Being an Equity Fellow dramatically affected my experience here. It was amazing to be a part of a group tasked with examining how diversity, equity, and inclusion shows up at HGSE. It was truly an honor to be selected as that work is deep, complex, and much needed. I was grateful to do that work at HGSE with an amazing group of people and a thoughtful leader, Tracie Jones. As an Equity Fellow, I learned how important good facilitation is — good being balanced in understanding power and privilege, self, and the mission at hand, while also navigating how each of those show up in difficult conversations. I’m so grateful to have had the opportunity to be trusted in facilitating important conversations on campus — conversations that need to continue to impact change.

Christina Villareal showed me what it means to be a teacher as a calling – her Ethnic studies class was incredibly transformational in content but it’s her ethos of teaching that truly blew me away. She brings all of herself into it- and tells her students so, making the process of learning a more humanizing one. It’s mind-boggling to me that her class is an elective.

Karen Mapp’s Leadership in Social Change Organizations class continually surprised me. I never expected to take a class that asked me to deeply consider who I am before learning leadership and organizational frameworks for social change. That class catalyzed a lot of advocacy work on campus for me solely because it asked me to consider what parts of myself show up the most as a leader. I strive to one day achieve the presence Dr. Mapp evokes when she walks into a room.

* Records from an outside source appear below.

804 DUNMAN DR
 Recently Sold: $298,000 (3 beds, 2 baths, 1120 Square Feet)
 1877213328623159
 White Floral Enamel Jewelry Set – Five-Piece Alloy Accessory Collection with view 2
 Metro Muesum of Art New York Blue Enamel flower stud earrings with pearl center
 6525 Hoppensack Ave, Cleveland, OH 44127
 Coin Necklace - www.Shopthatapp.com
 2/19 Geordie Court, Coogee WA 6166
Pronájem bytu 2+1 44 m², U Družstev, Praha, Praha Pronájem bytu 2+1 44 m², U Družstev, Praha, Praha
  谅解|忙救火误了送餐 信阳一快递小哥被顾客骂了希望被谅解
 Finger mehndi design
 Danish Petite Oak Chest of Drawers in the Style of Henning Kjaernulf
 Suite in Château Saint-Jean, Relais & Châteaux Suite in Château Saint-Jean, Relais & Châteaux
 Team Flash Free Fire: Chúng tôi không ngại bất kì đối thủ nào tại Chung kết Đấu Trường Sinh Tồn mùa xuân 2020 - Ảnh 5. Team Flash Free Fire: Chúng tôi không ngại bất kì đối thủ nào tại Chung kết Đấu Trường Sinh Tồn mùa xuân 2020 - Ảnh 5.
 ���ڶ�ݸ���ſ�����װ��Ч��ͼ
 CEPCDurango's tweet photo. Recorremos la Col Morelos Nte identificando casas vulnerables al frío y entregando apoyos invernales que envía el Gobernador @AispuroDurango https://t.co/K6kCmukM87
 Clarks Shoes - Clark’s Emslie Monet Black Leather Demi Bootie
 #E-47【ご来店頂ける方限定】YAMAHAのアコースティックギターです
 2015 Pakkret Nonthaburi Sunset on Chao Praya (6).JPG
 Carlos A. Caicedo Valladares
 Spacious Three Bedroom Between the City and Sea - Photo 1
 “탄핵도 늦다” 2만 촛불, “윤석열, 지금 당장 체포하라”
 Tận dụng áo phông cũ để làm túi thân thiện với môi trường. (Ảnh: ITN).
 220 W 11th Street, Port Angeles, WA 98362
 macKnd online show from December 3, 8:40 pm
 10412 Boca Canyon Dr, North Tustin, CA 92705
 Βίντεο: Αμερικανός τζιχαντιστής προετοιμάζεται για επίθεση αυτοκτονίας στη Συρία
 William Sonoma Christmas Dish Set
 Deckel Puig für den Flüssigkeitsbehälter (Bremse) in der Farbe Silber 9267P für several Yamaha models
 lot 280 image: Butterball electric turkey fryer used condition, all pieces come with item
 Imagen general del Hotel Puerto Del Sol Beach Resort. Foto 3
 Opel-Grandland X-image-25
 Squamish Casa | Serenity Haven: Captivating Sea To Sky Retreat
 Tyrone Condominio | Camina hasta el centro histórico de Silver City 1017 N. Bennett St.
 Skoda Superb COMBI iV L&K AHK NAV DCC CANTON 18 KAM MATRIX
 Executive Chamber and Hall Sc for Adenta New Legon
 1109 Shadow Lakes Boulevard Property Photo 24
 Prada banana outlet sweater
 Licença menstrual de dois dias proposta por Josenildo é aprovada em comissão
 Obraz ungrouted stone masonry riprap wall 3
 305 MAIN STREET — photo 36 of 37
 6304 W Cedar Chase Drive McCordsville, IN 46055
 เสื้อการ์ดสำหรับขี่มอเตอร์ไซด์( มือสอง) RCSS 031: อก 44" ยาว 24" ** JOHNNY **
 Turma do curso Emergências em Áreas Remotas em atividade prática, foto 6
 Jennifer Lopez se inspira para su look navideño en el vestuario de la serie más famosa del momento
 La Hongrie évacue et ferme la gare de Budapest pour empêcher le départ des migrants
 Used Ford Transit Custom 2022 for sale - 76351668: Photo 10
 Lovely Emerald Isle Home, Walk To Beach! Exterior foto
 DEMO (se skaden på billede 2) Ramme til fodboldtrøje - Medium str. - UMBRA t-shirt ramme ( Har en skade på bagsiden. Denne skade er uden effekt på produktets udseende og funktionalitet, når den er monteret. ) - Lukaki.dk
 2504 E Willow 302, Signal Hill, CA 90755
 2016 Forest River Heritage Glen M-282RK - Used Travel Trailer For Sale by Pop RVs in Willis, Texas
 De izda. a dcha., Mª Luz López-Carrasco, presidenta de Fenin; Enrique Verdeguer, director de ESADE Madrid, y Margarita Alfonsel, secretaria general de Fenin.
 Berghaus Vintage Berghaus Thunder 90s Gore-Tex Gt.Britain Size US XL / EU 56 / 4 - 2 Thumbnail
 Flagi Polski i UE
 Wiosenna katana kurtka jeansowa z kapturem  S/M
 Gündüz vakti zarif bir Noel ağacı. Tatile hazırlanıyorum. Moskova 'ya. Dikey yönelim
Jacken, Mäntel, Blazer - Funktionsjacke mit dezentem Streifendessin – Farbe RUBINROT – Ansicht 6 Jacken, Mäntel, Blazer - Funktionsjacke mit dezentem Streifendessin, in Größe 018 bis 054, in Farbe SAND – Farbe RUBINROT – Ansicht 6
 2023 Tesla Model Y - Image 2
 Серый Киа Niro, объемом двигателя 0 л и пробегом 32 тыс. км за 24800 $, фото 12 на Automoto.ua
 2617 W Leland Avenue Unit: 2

The number one, biggest surprise of the last year was …
Gaining national news coverage for the first ever protest I planned (which was also planned in under a week). Within the first month of being here, I found out Secretary of Education Betsy DeVos was scheduled to speak at Harvard Kennedy School. A few days later, a few newly made friends and I decided to protest her appearance. Unknown to us, there were several groups at Harvard who wanted to protest, and by leveraging our networks, we connected across schools. The protest aimed to elevate concerns of Harvard’s complicity. In inviting DeVos, Harvard passively aligned itself to the harmful policies that DeVos and the administration she represents, continues to enact. I never imagined that it would gain the media attention that it did.

As an organizer of this protest, I’ve often thought about the collective power that went into the planning. We were mostly graduate school students. We cared about the intersection of all of our issues. We all were willing and able to take the risk of being arrested because we were all documented citizens of the United States. In the time that has passed since the protest, I’ve reflected on the privilege of that fact. I’ve thought about my friends who wanted to participate in the civic right of protesting but couldn’t, as an arrest could mean deportation or hinder the potential of ever becoming citizens. I’ve thought about how the protest didn’t necessarily lead to any outcome and demand from the institution- I’m still not sure what that means. However, I’m deeply grateful that the protest created life-long bonds and friendships.

What advice do you have for next year’s students going through your program?
Welcome and expect discomfort. In fact, I’d say if you aren’t uncomfortable at any point of your time here, you haven’t made use of this learning space as deeply as you could have. Welcome the uncomfortable feeling of reconciling multiple experiences that are valid and true, of the implications of making policy decisions with peers who have no direct experience with the population being addressed. Learn how to ask thoughtful, open-ended questions. Learn how to listen to learn and not listen to respond.